Chińska firma EngineAI wypuszcza na rynek humanoidalne roboty napędzane sztuczną inteligencją. Cena? Jak za średniej klasy samochód - kilkadziesiąt tysięcy złotych.
- Chińska firma wypuszcza na rynek roboty AI.
- Cena jednej maszyny to kilkadziesiąt tys. zł.
Roboty AI wkraczają na rynek
Chińska firma
EngineAI zaprezentowała 24 grudnia robota o nazwie
PM01.
Ma humanoidalną sylwetkę, 138 cm wysokości, waży 40 kg, chodzi w tempie 2 m/s, potrafi obrócić talią o 320 stopni. W jego wnętrzu są procesory
Nvidii i Intela. Jest napędzany
AI.
Dlaczego jednak ktoś miałby kupić PM01? Robot nie jest drogi: kosztuje równowartość
ok. 50 tysięcy złotych. Może być wykorzystywany jako alternatywa dla człowieka.

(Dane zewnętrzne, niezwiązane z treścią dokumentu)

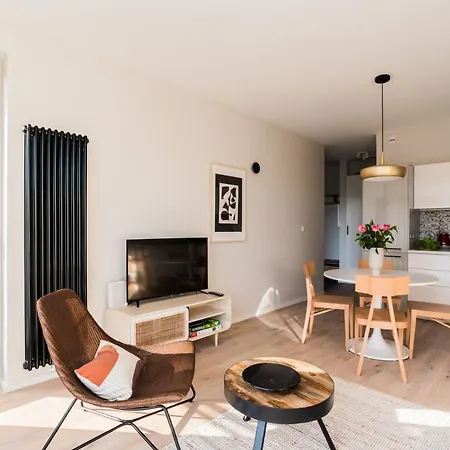 Near Chopin Airport With Parking Place * Varsovia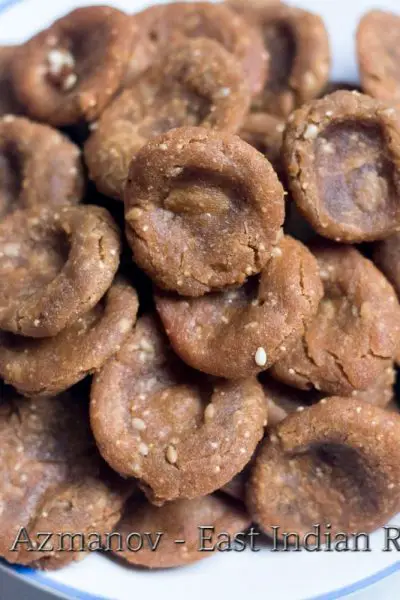 Umbar is made using jaggery, wheat flour and sesame seeds. It is a sweet flat bread fried in oil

Chodzi o wykonywanie prostych prac fizycznych. Oczywiście, wątpliwe, by zespół takich maszyn całkowicie wyeliminował ludzi, ale PM01 mogą wyręczać nas w wykonywaniu zadań, które są szczególnie uciążliwe dla ludzkiego ciała, np. wymagają wygięcia się i pozostawania w niewygodnej pozycji.
Robot
jest już do kupienia, ale przez programistów, badaczy i inżynierów. Do ogólnej sprzedaży trafi za parę miesięcy. Jak na razie wszystko odbywa się w ramach
projektu open source - naukowcy mogą kupić swój model i nadać to, jak można go udoskonalić.
Chińska firma może stać się konkurentem dla Tesli. Trudno dziś ocenić, które roboty - Chińczyków czy Amerykanów - są lepsze, ale
cenowo wygrywa EnginaAI. Jej produkt kosztuje 12 000 USD, z kolei Optimus Tesli ma kosztować 20-30 tysięcy USD.
Chiny chcą być imperium AI?
Zaprezentowanie chińskiego robota wpisuje się w
szerszą strategię Chin jako kraju. Państwo Środka ma ambicje stania się technologicznym centrum świata - chce odejść od bycia "montownią" Zachodu i zająć miejsce USA - stać się miejscem innowacji i w którym powstają nowe wynalazki.
Za polityką rozwoju technologicznego stoi
Ministerstwo Przemysłu i Technologii Informacyjnych Chin, które wyznaczyło dla rynku robotyki cel: masowa produkcja humanoidalnych maszyn do 2025 roku. Jak na razie EngineAI chce sprzedać pierwsze 1000 robotów PM01.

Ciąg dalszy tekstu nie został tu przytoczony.